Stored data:
________________________
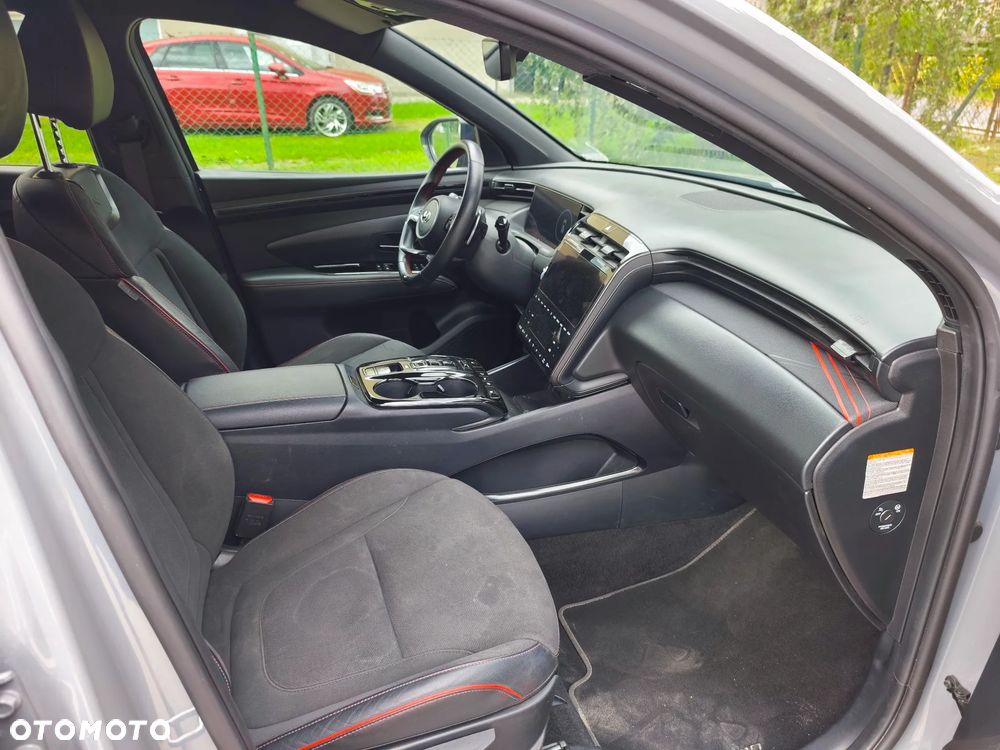 Hyundai Tucson 1.6 T-GDi HEV 2WD N Line - 24
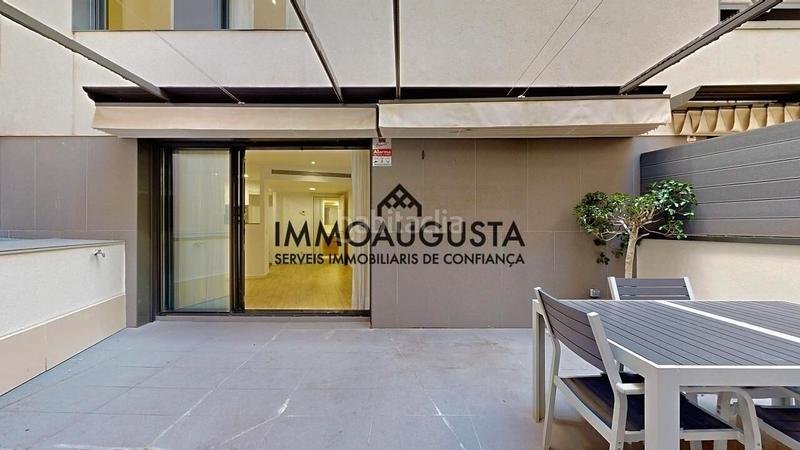 Foto c45060bc-b890-4de8-a4da-ada51ad226bf. Pis amb calefacció aparcament a Putget - Farró Barcelona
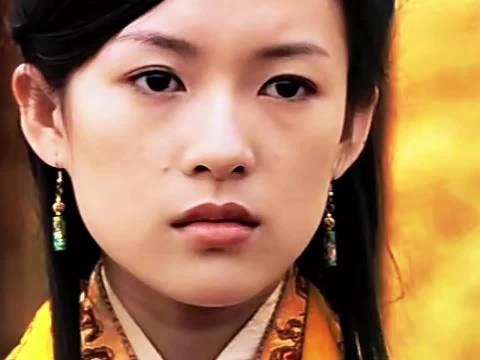 面容清秀,但是一脸倔强,好有意思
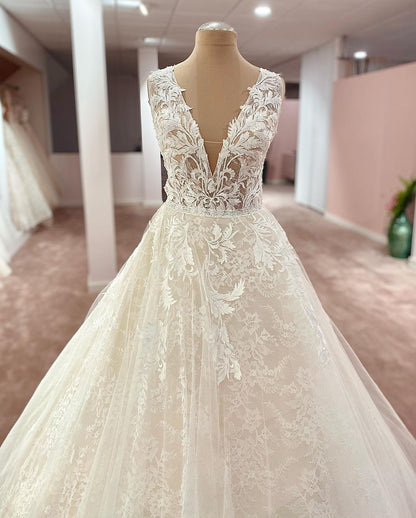 Schlichtes Brautkleid in A-Linie mit V-Ausschnitt, breiten Trägern und Spitzenapplikationen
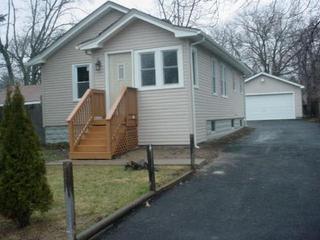 12 S Farnsworth Ave., Aurora, IL 60505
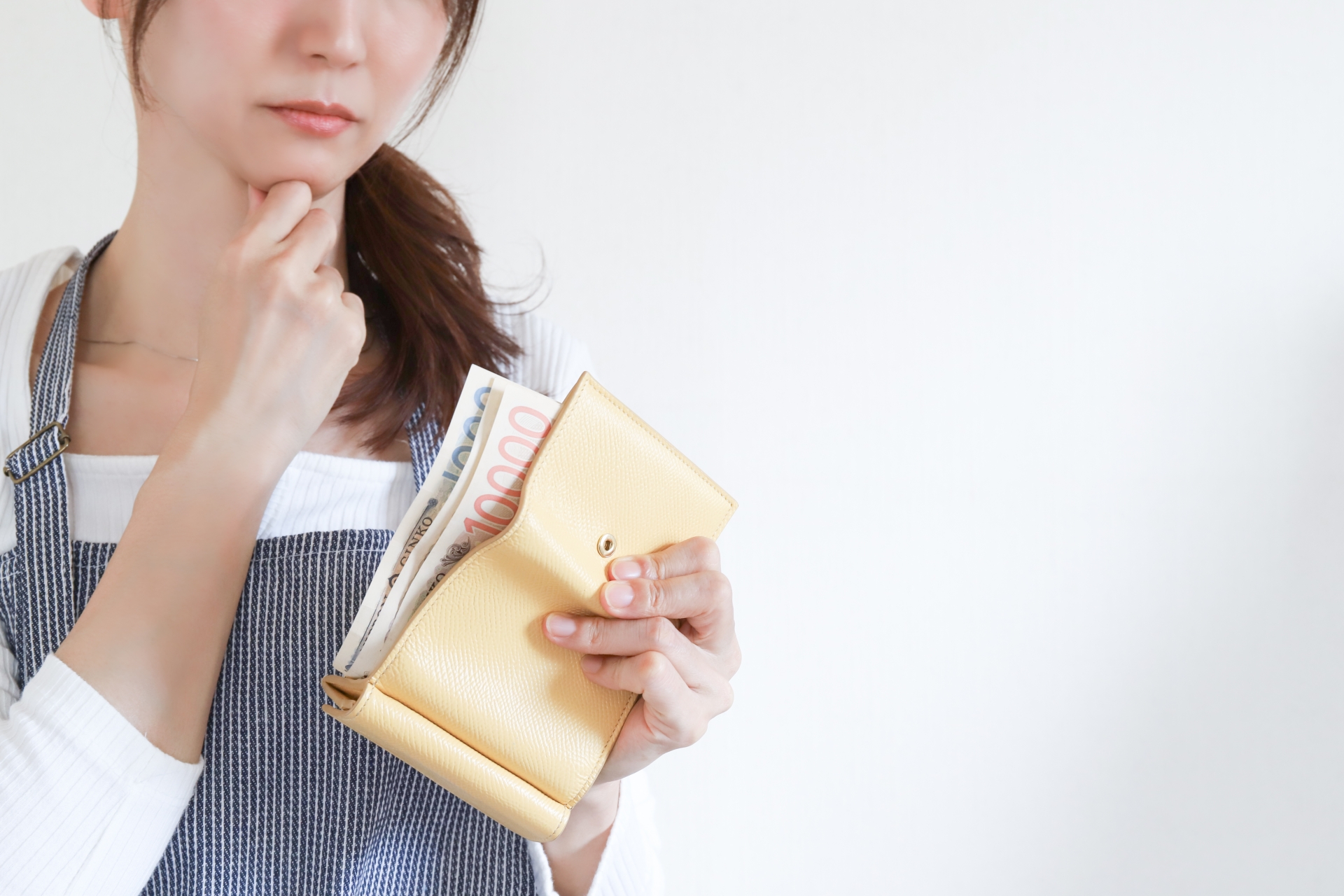 家計に悩む主婦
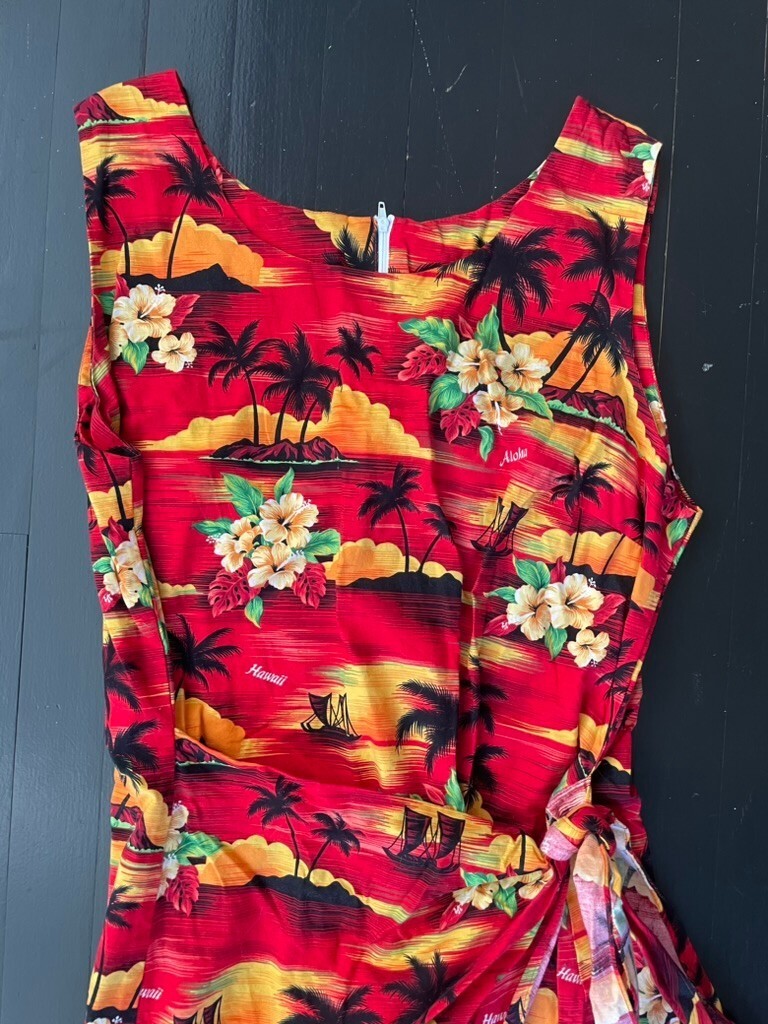 Vintage Hawaiian Red Tropical Wrap Dress XL Aloha Style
________________________
→ Problem requirements:
The answer should be the records above, unchanged, with the pictures omitted.

→ Response:
 Hyundai Tucson 1.6 T-GDi HEV 2WD N Line - 24
 Foto c45060bc-b890-4de8-a4da-ada51ad226bf. Pis amb calefacció aparcament a Putget - Farró Barcelona
 面容清秀,但是一脸倔强,好有意思
 Schlichtes Brautkleid in A-Linie mit V-Ausschnitt, breiten Trägern und Spitzenapplikationen
 12 S Farnsworth Ave., Aurora, IL 60505
 家計に悩む主婦
 Vintage Hawaiian Red Tropical Wrap Dress XL Aloha Style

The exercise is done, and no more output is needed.